Capturer des événements rapides comme les explosions de supernovas oblige la simulation à avancer par très petits pas, un processus si coûteux en calcul que modéliser un milliard d’années d’histoire galactique pourrait prendre des décennies.
Le raccourci de l’IA
Ce projet, une collaboration dirigée par le chercheur Keiya Hirashima au RIKEN Center for Interdisciplinary Theoretical and Mathematical Sciences (iTHEMS) au Japon, en partenariat avec des collègues de l’Université de Tokyo et de l’Université de Barcelone, a été présenté récemment à SC'25 (International Conference for High Performance Computing, Networking, Storage, and Analysis).
L’équipe d’Hirashima a résolu ce problème en introduisant un modèle de substitution basé sur le deep learning. Entraînée sur des simulations haute résolution du comportement des supernovas, l’IA a appris à prédire comment le gaz se disperse au cours des 100 000 années qui suivent une explosion.
La simulation principale pouvait ensuite progresser beaucoup plus rapidement, tout en préservant le détail des événements de supernova individuels. L’approche a été validée à l’aide de données provenant du superordinateur japonais Fugaku et du système Miyabi de l’Université de Tokyo.
Le résultat est une simulation complète de la Voie lactée qui atteint une résolution au niveau des étoiles individuelles et s’exécute bien plus efficacement.
Un million d’années d’évolution galactique ne prend plus que 2,78 heures, ce qui signifie qu’un milliard d’années peut être simulé en environ 115 jours au lieu de 36 ans.

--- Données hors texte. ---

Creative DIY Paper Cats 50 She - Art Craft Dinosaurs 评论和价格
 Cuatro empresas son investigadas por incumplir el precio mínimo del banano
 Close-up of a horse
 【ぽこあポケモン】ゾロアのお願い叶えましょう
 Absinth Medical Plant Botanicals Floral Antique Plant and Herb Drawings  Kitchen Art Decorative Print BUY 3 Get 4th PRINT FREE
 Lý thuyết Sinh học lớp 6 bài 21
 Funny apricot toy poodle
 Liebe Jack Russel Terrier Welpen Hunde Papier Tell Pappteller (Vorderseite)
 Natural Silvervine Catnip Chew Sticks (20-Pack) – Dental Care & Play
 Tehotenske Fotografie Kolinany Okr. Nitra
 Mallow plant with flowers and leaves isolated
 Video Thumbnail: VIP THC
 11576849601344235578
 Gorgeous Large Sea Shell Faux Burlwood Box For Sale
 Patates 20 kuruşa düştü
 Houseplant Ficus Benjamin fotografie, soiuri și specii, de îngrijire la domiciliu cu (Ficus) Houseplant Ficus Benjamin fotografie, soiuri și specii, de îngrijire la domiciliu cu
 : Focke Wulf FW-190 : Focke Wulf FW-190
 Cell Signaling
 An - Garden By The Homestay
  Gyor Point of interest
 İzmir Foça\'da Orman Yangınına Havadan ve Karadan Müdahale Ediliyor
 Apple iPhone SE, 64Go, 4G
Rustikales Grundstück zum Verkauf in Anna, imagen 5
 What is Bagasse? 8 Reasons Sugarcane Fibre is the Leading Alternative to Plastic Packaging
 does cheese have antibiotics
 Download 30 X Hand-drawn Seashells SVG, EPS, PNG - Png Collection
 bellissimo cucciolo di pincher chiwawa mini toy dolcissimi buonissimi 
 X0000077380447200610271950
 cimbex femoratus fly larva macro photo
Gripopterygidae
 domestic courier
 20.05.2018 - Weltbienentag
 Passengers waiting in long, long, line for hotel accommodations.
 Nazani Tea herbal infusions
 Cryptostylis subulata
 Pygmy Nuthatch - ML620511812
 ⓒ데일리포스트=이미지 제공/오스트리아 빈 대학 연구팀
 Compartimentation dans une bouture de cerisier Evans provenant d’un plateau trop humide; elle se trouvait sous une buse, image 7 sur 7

'Un véritable outil de découverte scientifique'
Si cette réalisation marque une étape majeure pour l’astrophysique, ses implications dépassent largement le domaine des sciences spatiales.
"Des méthodes similaires à la nôtre pourraient être appliquées aux simulations de la formation des structures cosmiques à grande échelle, de l’accrétion des trous noirs, ainsi qu’aux simulations de la météo, du climat et de la turbulence", précise l’étude.
Des méthodes hybrides mêlant IA et physique comme celle-ci pourraient accélérer considérablement ces modèles, les rendant potentiellement à la fois plus rapides et plus précis.
"Je pense que l’intégration de l’IA au calcul haute performance marque un changement fondamental dans la manière dont nous abordons les problèmes multiscalaires et multiphysiques dans l’ensemble des sciences du calcul", a déclaré Hirashima.
"Cette réussite montre également que les simulations accélérées par l’IA peuvent dépasser la simple reconnaissance de formes pour devenir un véritable outil de découverte scientifique, en nous aidant à retracer la façon dont les éléments qui ont formé la vie elle-même sont apparus au sein de notre galaxie", a-t-il ajouté.